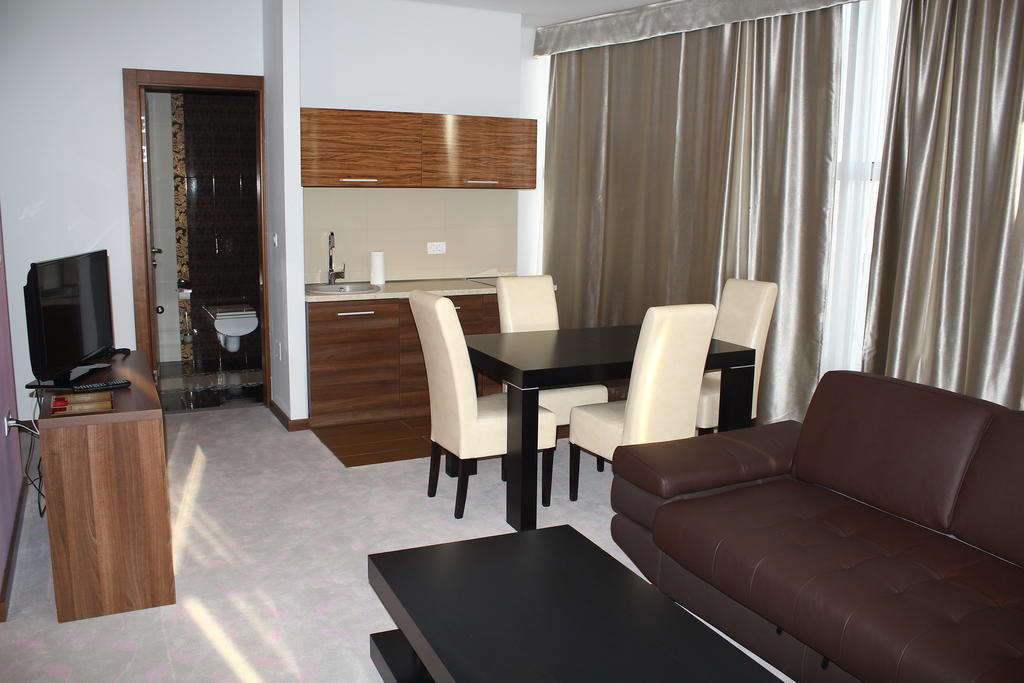 Hotel Franca Pljevlja Szoba fotó
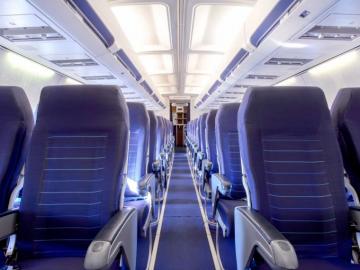 Why You Should Never Swap Seats On A Plane Cond Nast Traveler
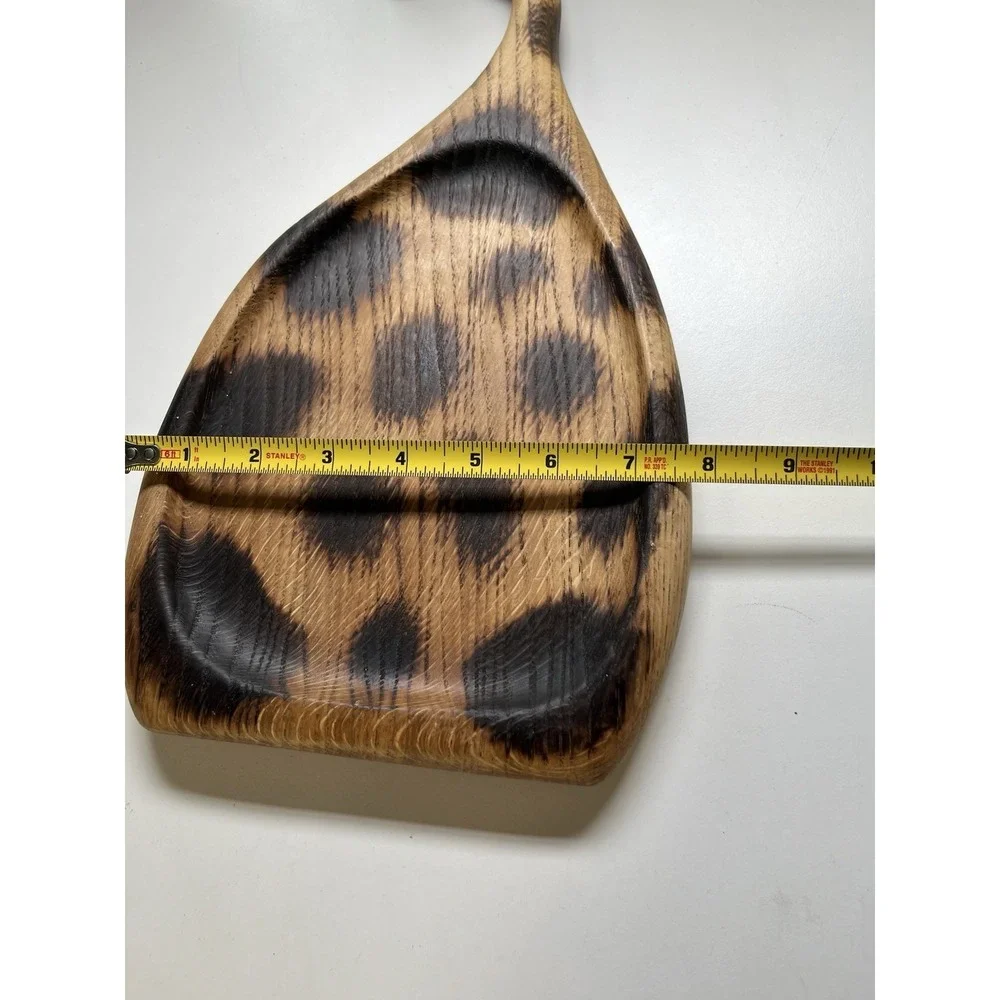 BIOTA hand carved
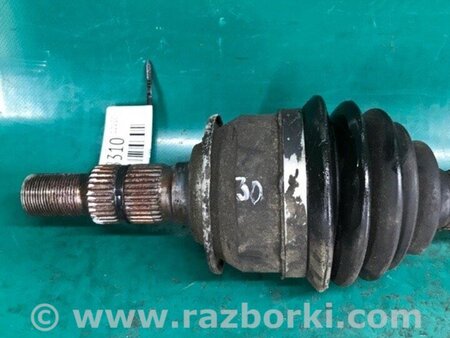 ФОТО Привід передній для Chevrolet Volt I (10-15) Київ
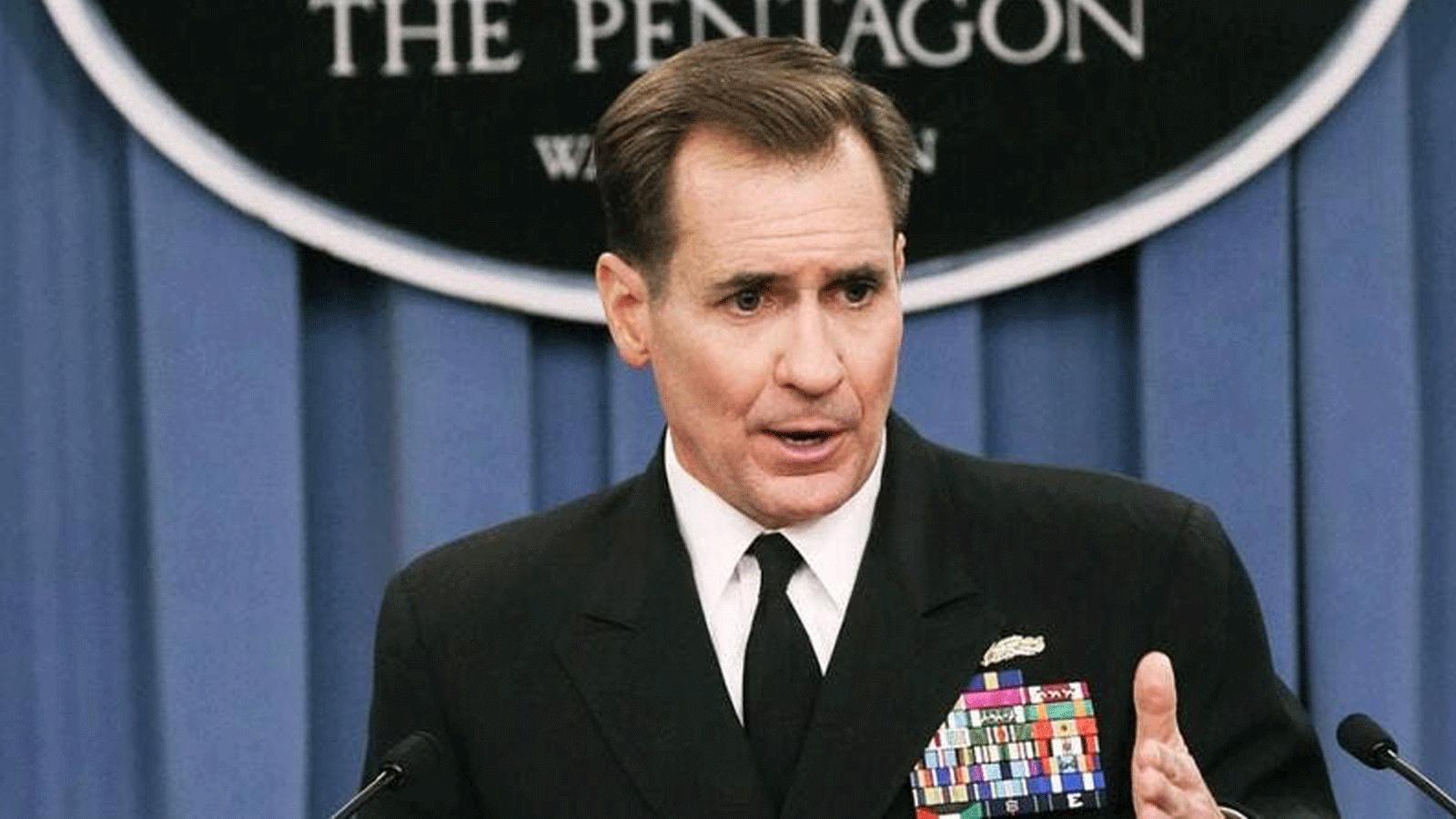The White House: The Seaport in Gaza Expected to Open Within Days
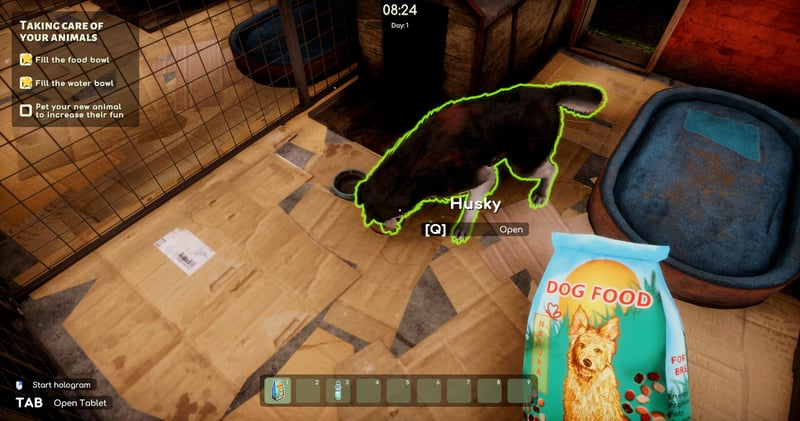 Game screenshot 4
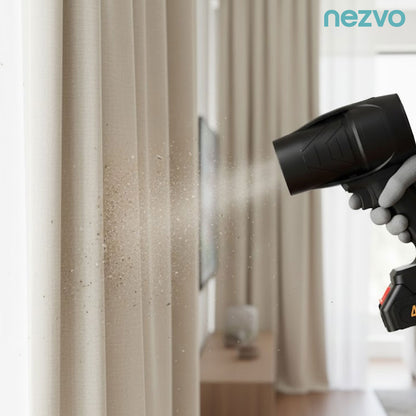 Souffleur d’Air Sans Fil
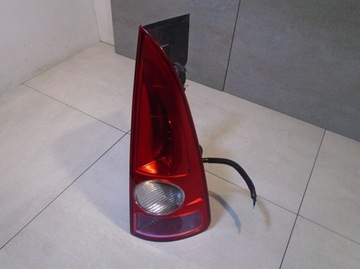 фото thumb №3, Лампа задня права renault espace iv 8200027152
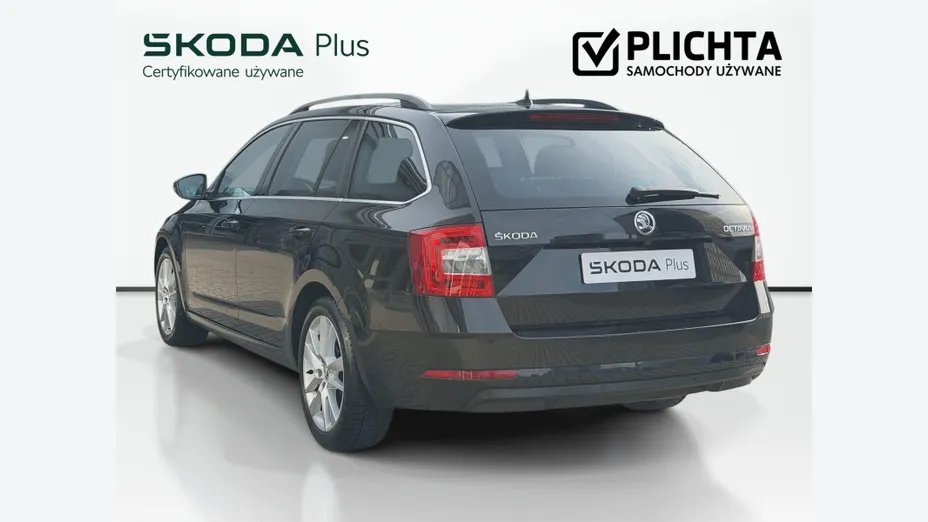 SKODA Octavia Octavia 1.6 TDI SCR Style
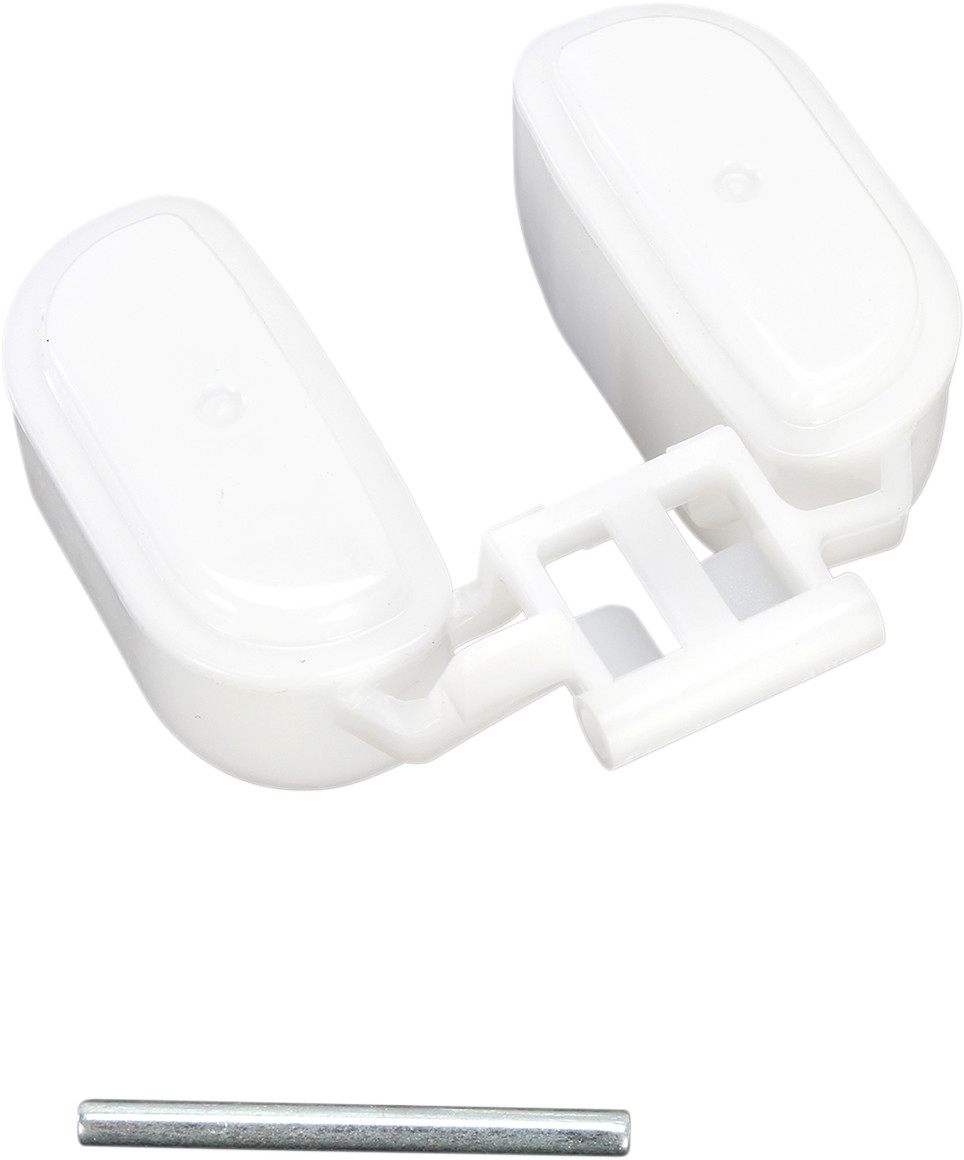 K&s technologies Carburetor Float with Pin Set - Honda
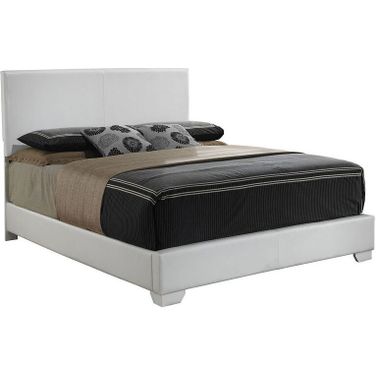 G1890 Upholstered Bed (King)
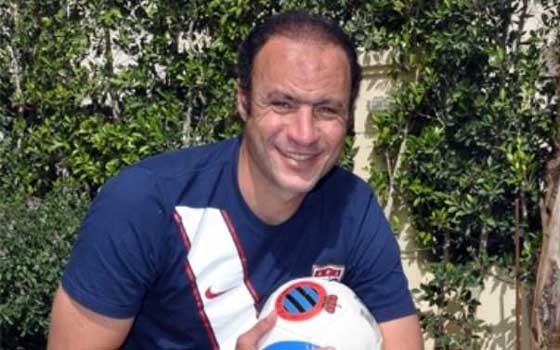   مصر اليوم - انطلاق كأس كيدزانيا لكرة القدم لتشجيع الأطفال على ممارسة الرِّياضة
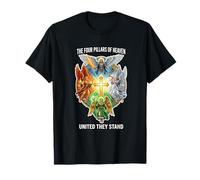Saint Michel Archanges Bibliques T-Shirt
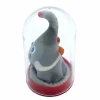 CONDOMERIE Hand-Painted Latex Decorative Cover Elephant
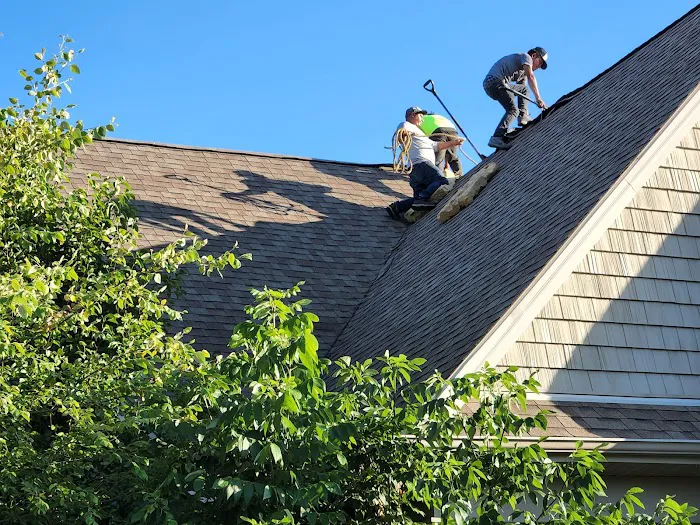 Tri-Star Roofing & Renovations Picture 6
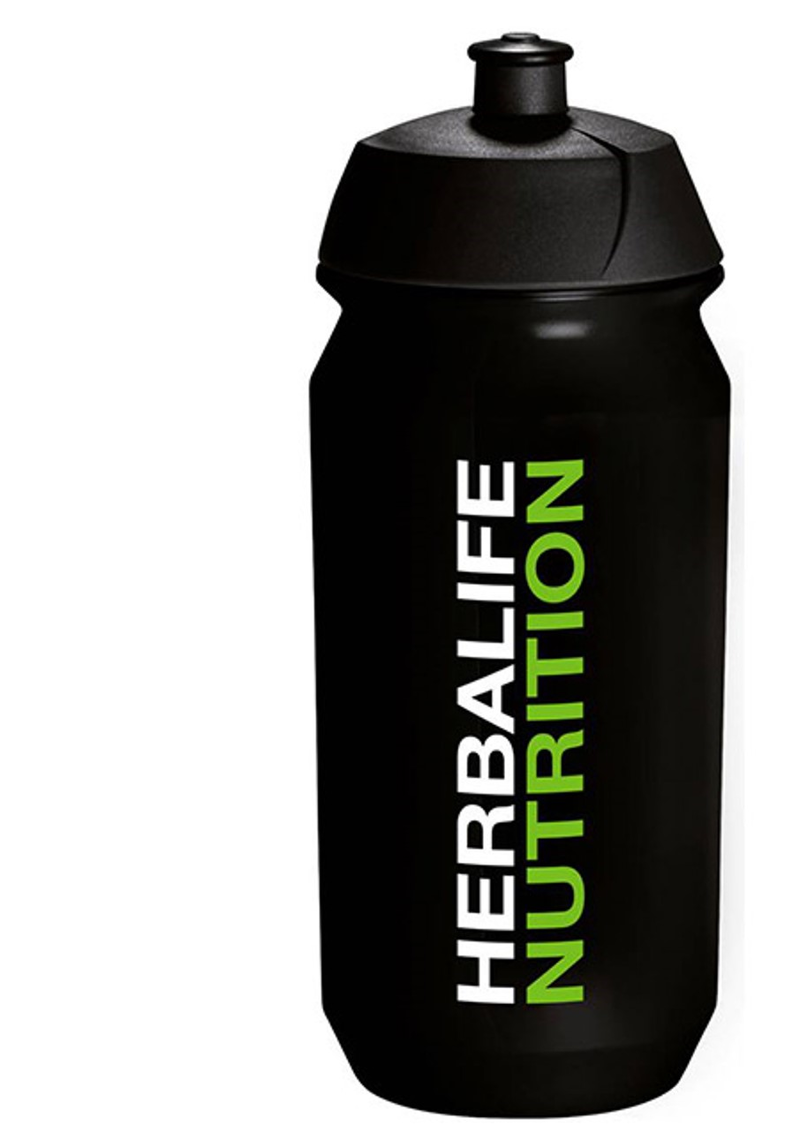 500 ml water bottle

▬▬▬▬▬▬▬▬▬▬

What the task asks
From first line to last, return the records verbatim without their pictures.

Your solution
 Hotel Franca Pljevlja Szoba fotó
 Why You Should Never Swap Seats On A Plane Cond Nast Traveler
 BIOTA hand carved
 ФОТО Привід передній для Chevrolet Volt I (10-15) Київ
The White House: The Seaport in Gaza Expected to Open Within Days
 Game screenshot 4
 Souffleur d’Air Sans Fil
 фото thumb №3, Лампа задня права renault espace iv 8200027152
 SKODA Octavia Octavia 1.6 TDI SCR Style
 K&s technologies Carburetor Float with Pin Set - Honda
 G1890 Upholstered Bed (King)
   مصر اليوم - انطلاق كأس كيدزانيا لكرة القدم لتشجيع الأطفال على ممارسة الرِّياضة
Saint Michel Archanges Bibliques T-Shirt
 CONDOMERIE Hand-Painted Latex Decorative Cover Elephant
 Tri-Star Roofing & Renovations Picture 6
 500 ml water bottle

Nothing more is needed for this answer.